The Western Canada Marine Response Corp. will be simulating a response to an oil spill in Burrard Inlet this week.
oil spill
A barge, booms and skimmers work on the surface of a simulated oil spill exercise.

The Western Canada Marine Response Corp. will be simulating a response to an oil spill in Burrard Inlet this week.

“We’re going to bring our 250-foot barge up from Ioko and we’ll be deploying boom off of that vessel and our dedicated oil spill response vessels will be supporting that operation, so they’ll be deploying boom as well as skimmers,” said Michael Lowry, WCMRC spokesman.

The vessels and booms will be operating about 500 metres off Cates Park Tuesday through Thursday.

The exercise is part of a regularly scheduled regimen required to train new contractors.
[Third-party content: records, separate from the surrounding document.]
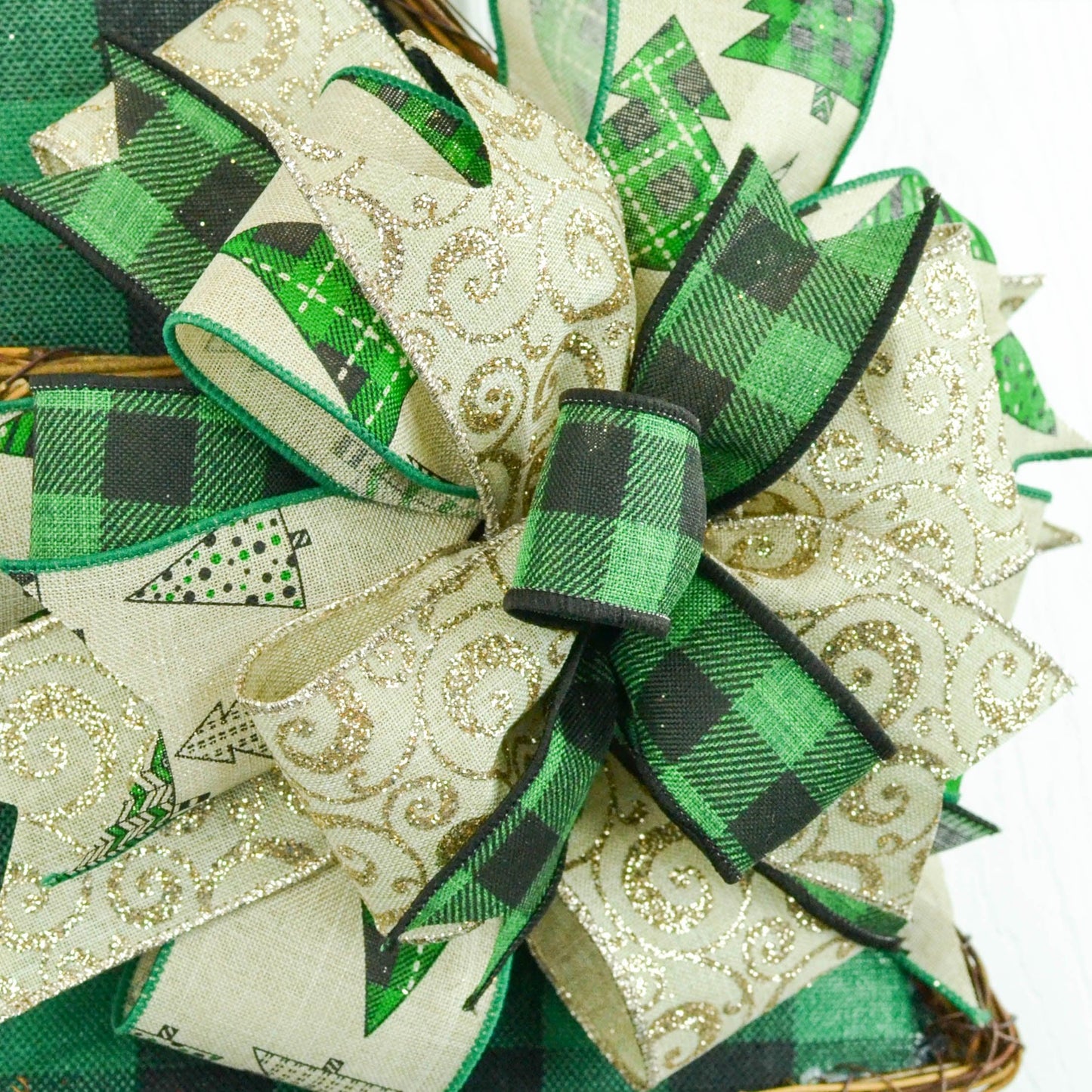 Christmas Tree Buffalo Plaid Winter Grapevine Wreath - Christmas Door Hanger Oversized Bow Jute Burlap Door Decor ; Emerald Green Black Brown - Pink Door Wreaths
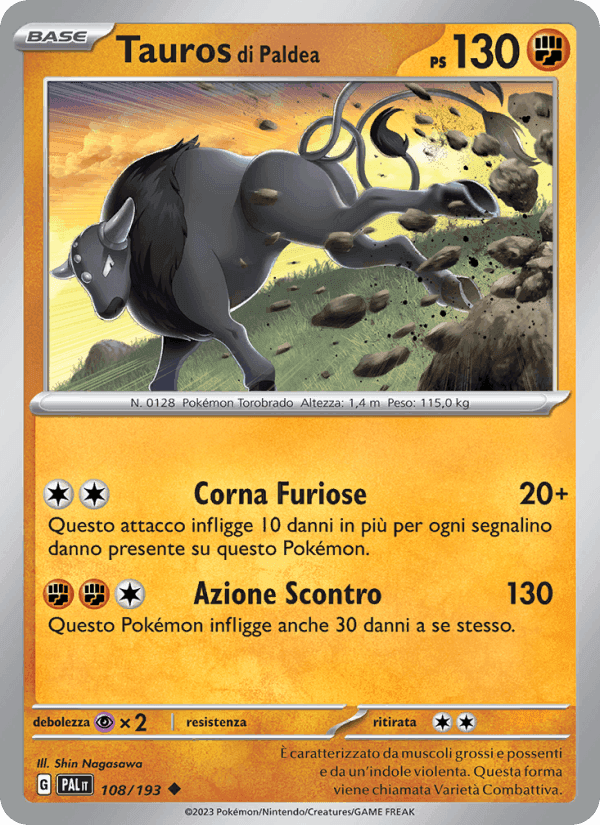Tauros di Paldea, carte 108 de Evoluzioni a Paldea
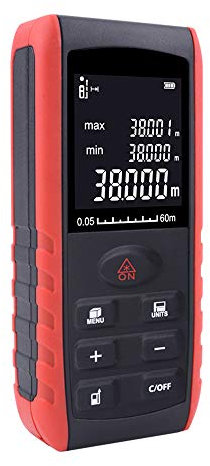 POOPFIY Digital medidor de Distancia láser, de Alta precisión y de retroiluminación LCD telémetro Cinta métrica también, Medir Distancia, área y Volumen,100m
Under federal law, the agency must also demonstrate its ability to respond to a 10,000-tonne spill every three years, a 2,500-tonne spill every two years and a 100-tonne spill yearly.

While an aframax tanker, the type used to move oil from the terminus of Kinder Morgan’s pipeline in Burnaby, has a capacity 80,0000 tonnes, a 10,0000-tonne spill is considered the worst-case scenario because that is the capacity of each compartmentalized hold aboard a double-hulled tanker.

WCMRC can respond to a spill of 26,000 tonnes with mutual aid agreements in place with oil spill response agencies in Washington and Alaska, should the need arise, Lowry said.